## WORK TASK
Copy, please, the line with "富士山には少し雲が掛かって" and each line that follows it through the end of the data below, exactly as given and without pictures.

## DATASET RECORDS
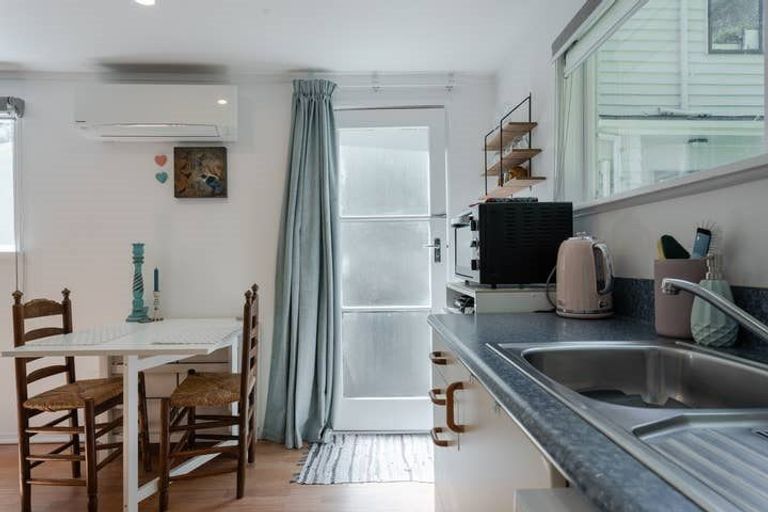 Photo of property in 84 Park Road, Titirangi, Auckland, 0604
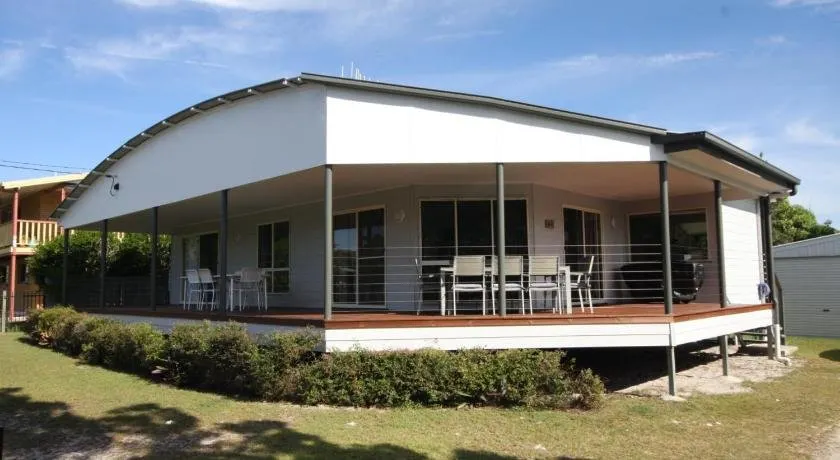 14 Zircon Street - Centrally located family home with covered deck, close to patrolled beach & shops - Image 1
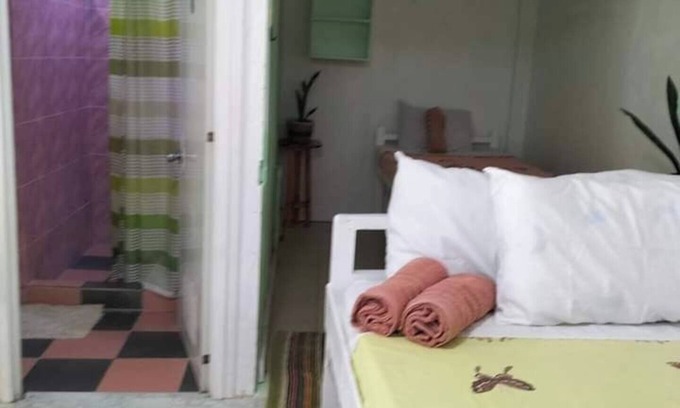 Oslob Complejo | CroninResidence/family room for 5pax/breakfast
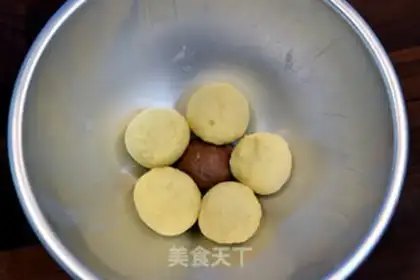 Make Brazilian football bread step 7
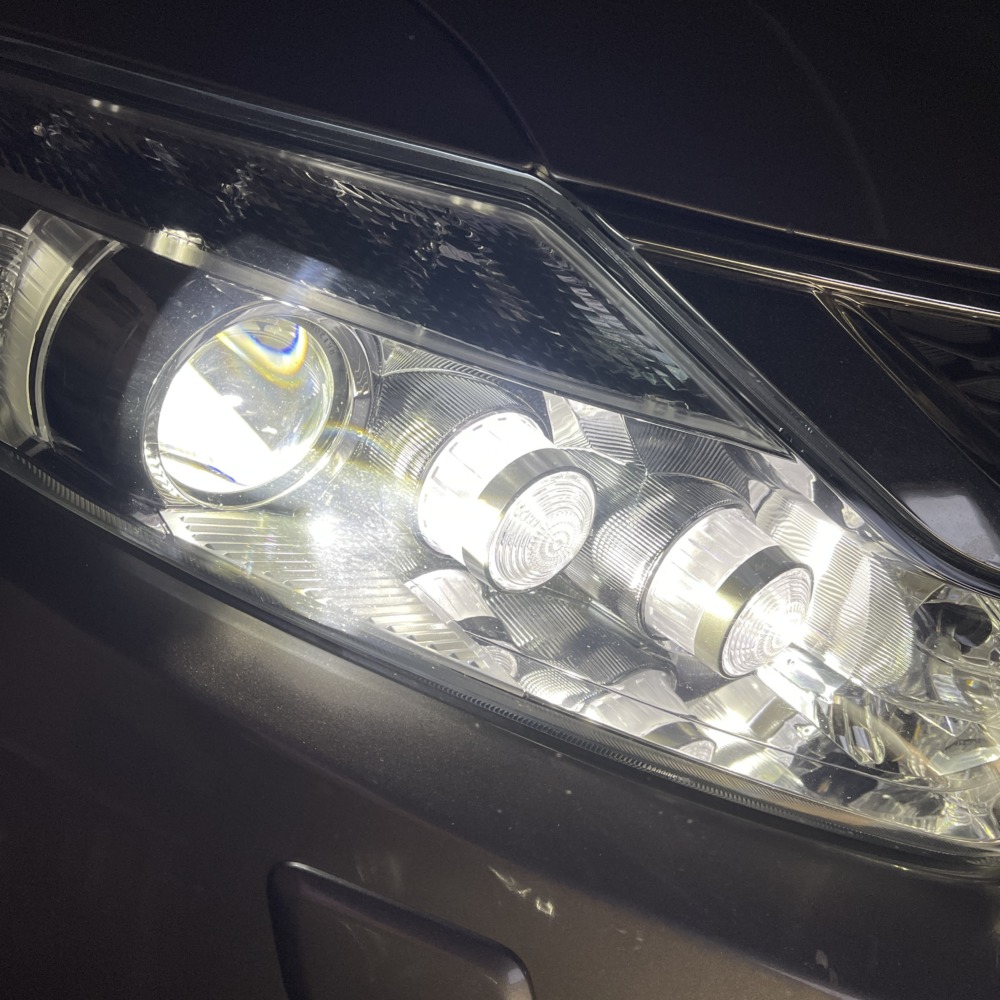 Замена ламп подсветки номера Nissan Murano z51 в Краснодаре
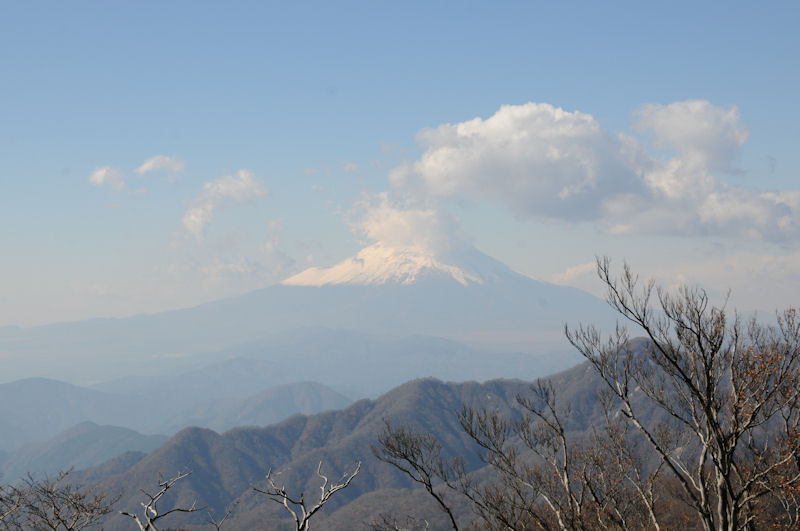 富士山には少し雲が掛かって
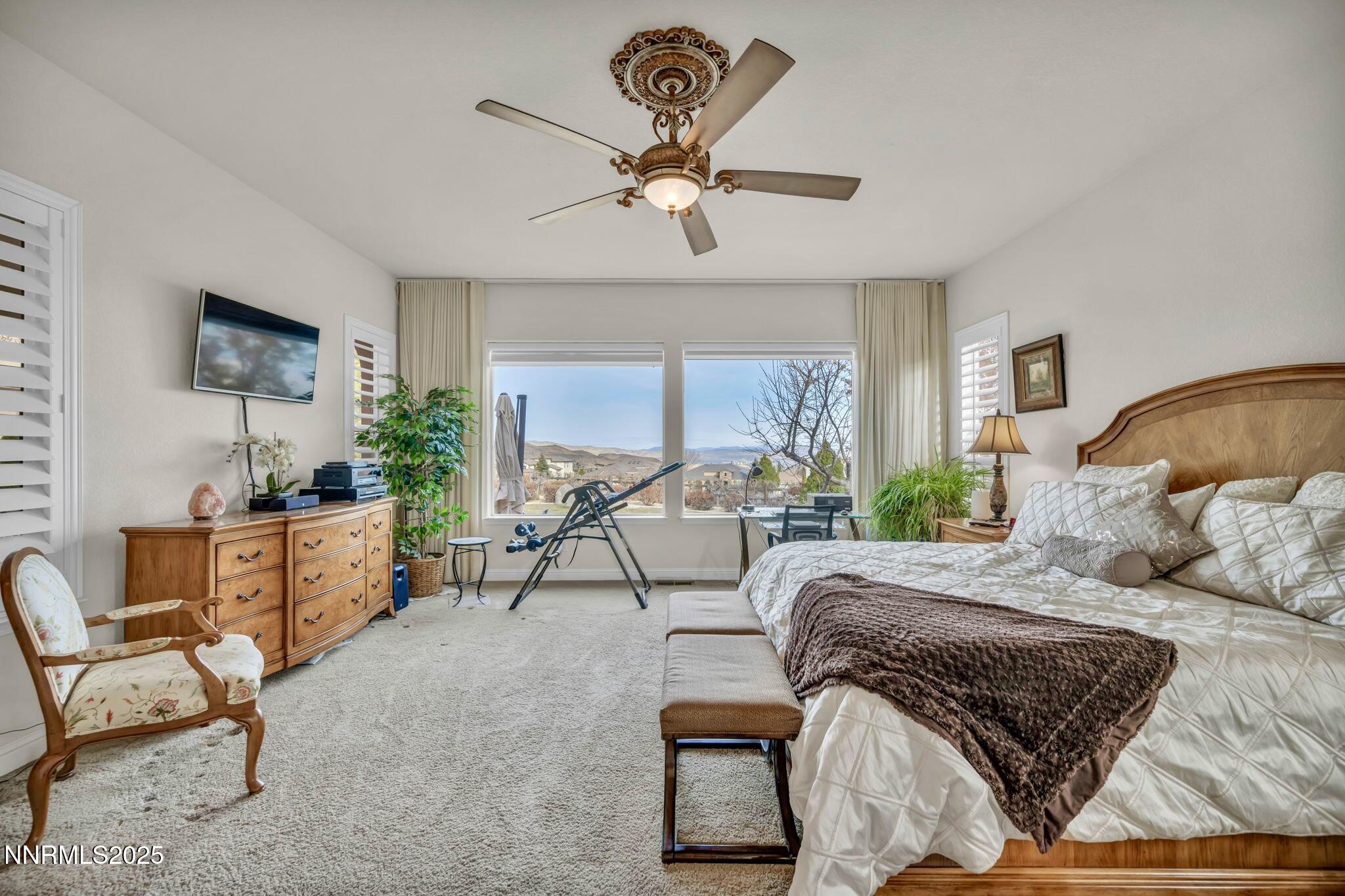 64AE2DB1-8A64-4372-BF36-067B5B2699DA_1_2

## ANSWER BELOW
 富士山には少し雲が掛かって
 64AE2DB1-8A64-4372-BF36-067B5B2699DA_1_2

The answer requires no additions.